# Data excerpts
━━━━

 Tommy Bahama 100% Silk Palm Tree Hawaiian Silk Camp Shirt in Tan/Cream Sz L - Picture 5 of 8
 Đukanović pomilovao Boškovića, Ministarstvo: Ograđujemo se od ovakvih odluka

━━━━

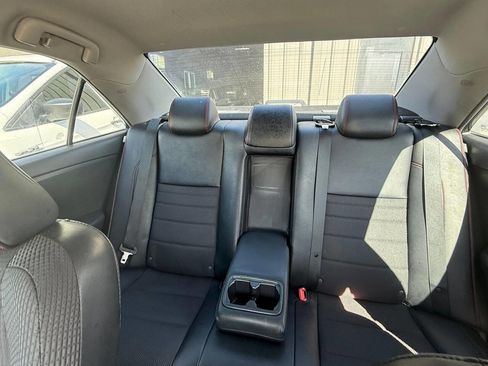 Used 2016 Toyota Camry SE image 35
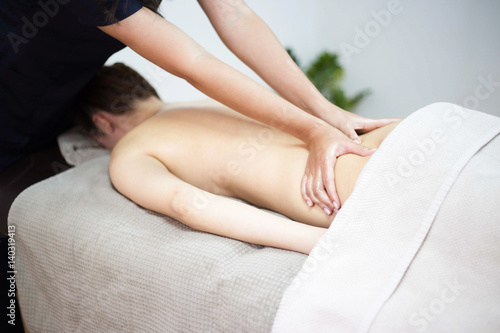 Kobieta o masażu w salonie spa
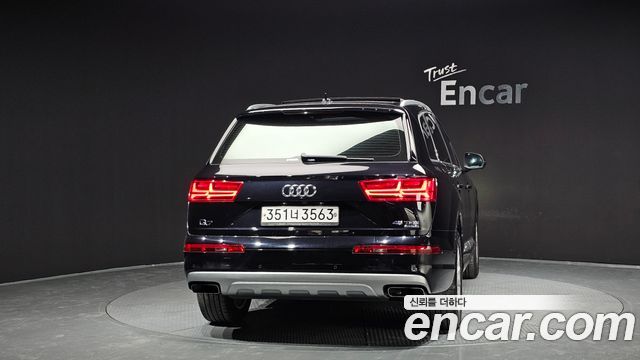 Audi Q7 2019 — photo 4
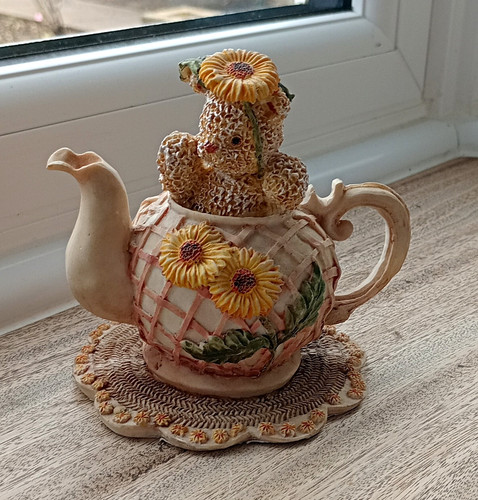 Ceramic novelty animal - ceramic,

━━━━

# Your instructions
Using the entries above, write out exactly the lines from the one with "Used 2016 Toyota Camry SE image 35" through the one with "Ceramic novelty animal", ends included. Leave out any pictures.

# Result
 Used 2016 Toyota Camry SE image 35
 Kobieta o masażu w salonie spa
 Audi Q7 2019 — photo 4
 Ceramic novelty animal - ceramic,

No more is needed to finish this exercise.